_Exercise goal_: Only the lines from the one containing "柯基软骨素替代品图片？八个月的公柯基犬，左耳还没立起来，用什么样的补钙产品有效" through the last line of the material should be returned, each exactly as it stands.

--

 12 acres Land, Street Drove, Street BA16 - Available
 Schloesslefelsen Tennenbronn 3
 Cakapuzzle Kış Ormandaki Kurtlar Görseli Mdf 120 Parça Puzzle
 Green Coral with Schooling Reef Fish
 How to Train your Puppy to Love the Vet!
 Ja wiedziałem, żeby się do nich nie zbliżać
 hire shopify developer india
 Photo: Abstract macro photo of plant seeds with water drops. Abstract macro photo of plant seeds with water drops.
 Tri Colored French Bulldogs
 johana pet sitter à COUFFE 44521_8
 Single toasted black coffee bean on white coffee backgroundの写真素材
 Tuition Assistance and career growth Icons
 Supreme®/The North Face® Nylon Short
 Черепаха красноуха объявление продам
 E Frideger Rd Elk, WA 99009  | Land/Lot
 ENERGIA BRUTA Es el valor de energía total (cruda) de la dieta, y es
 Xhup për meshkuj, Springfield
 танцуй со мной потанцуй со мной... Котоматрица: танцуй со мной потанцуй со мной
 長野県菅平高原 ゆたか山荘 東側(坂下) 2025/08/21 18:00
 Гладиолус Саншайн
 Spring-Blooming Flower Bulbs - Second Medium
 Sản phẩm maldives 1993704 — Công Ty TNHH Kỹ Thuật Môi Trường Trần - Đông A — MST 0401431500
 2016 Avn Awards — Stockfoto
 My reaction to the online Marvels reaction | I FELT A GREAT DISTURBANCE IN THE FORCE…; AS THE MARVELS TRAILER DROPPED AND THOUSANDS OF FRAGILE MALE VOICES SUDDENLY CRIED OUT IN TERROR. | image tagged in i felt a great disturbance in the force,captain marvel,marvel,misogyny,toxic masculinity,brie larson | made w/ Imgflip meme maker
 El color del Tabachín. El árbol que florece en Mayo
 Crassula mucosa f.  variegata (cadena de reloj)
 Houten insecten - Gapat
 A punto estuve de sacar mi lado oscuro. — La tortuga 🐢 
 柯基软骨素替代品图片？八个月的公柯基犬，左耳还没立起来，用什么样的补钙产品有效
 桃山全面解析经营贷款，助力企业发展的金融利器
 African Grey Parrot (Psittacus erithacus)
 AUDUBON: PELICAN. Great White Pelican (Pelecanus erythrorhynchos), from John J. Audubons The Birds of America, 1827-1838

--

_Result of this exercise_:
 柯基软骨素替代品图片？八个月的公柯基犬，左耳还没立起来，用什么样的补钙产品有效
 桃山全面解析经营贷款，助力企业发展的金融利器
 African Grey Parrot (Psittacus erithacus)
 AUDUBON: PELICAN. Great White Pelican (Pelecanus erythrorhynchos), from John J. Audubons The Birds of America, 1827-1838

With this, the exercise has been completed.